Figure 9. Heatmap displaying the profile abundances of specific protein domains specific to biogeochemical cycles.)
Genomic completeness
The new module incorporated in MEBS
allows you to access the completeness of your genomes or MAGs. The single copy marker genes used in this analysis are found in the mapping file inside the markers directory. MEBS
will compute genomic completeness based on single-copy marker genes found in either bacteria, archaea, or both. Currently, MEBS
uses a set of marker genes previously described in Gutierrez-Preciado et al., 2018 and a second set of marker genes incorporated in miComplete.
As a comparison, I computed the genomic completeness of the genomes found in the gen_test with three different programs: miComplete and checkM and checkM.
As you can see, in the graph below the MEBs completeness values are comparable to the ones obtained with the other two widely used programs. This provides another method for quality control analysis of genomes and MAGs. MEBS
further offers the advantage of computing both genomic completeness and metabolism. Additionally, it is based on the completeness of single-copy marker genes in archaea or bacteria providing a preliminary taxonomic classification ahead of downstream analyses.
Figure 10. Comparision of genomic completeness computed with three different methods: mebs,
Running MEBS: Protein clustering
Protein clustering reduces the dimensionality of your data, which is crucial in the era of large omics datasets. Through this module, you can analyze thousands of genomes through clustering based on their predicted proteins. Thereby, collapsing these genomes into metabolic guilds, clusters, or groups. These guilds will indicate which organisms perform a specific functions, have increased fitness in specific niches, and highlight potential resource partitioning within the interweaved communities. All of which further complements previously described mebs analysis (normalized entropy scores and metabolic pathway completeness) of the individual genomes.
How to use mebs_clust.py with the Pfam v34.0 (October 2021, 19,179 entries)

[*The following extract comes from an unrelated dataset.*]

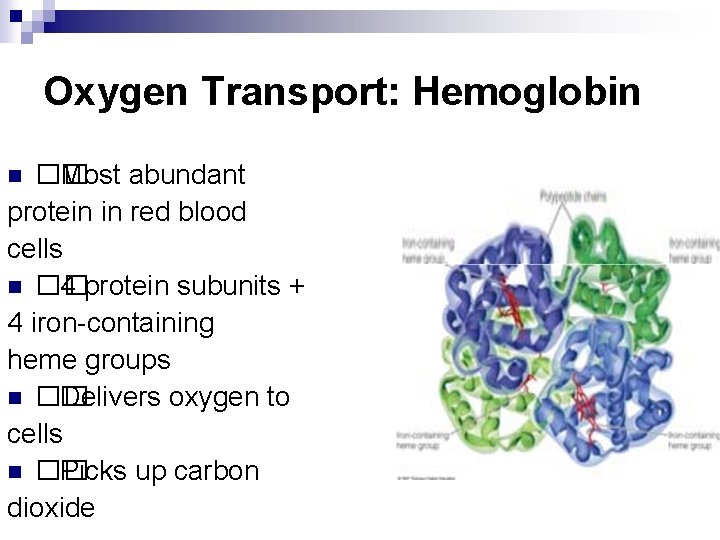 Oxygen Transport: Hemoglobin �� Most abundant protein in red blood cells n �� 4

See the MEB realease PfamV34 containing the latest Pfam database and the corresponding files to obtain the presence/absence profile
Warning!. This is a heavy file, make sure you have enough disk space before downloading it The compressed file 274M and the uncompressed file is 1.85Gb
- First create a directory called pfam in the cicles directory, and cd into that directory
cd cycles/ && mkdir pfam && cd pfam
- Inside the pfam directory, download the current pfamv34 MEBS release
wget https://github.com/valdeanda/mebs/releases/download/Pfamv34_18102021/PfamV34_4MEBS_clustering.tar
# Uncompress the data. This might take a while due to the size of the database
tar -xvzf PfamV34_4MEBS_clustering.tar
x PfamV34_mapping.tab
x config.txt
x entropies.tab
x my_Pfam.pfam.hmm
## If you have curiosity, here is a command you can run to extract all the pfams that are currently available in the Pfamv34 database
grep ACC my_Pfam.pfam.hmm| cut -f 4 -d " " | cut -f 1 -d "." |sed '/^PF/!d' > pfamv34list.txt
less pfamv34list.txt |wc
rm PfamV34_4MEBS_clustering.tar
._config.txt
- Copy the config file into the config directory. This config file already contains path information required for mebs.pl
cp config.txt ../../config
# Go to the main mebs path
cd ../../
- Run mebs.pl as described previosly and generate the output file, which will contain the presence/abscence info of all your pfam domains This process will take a while, depending on the number of input genomes. For example using the gen_test, it takes ~30 min for MEBS to search all the pfams in the pfamV34 database. The second time you run the same command, it will only take 1min to generate the profile.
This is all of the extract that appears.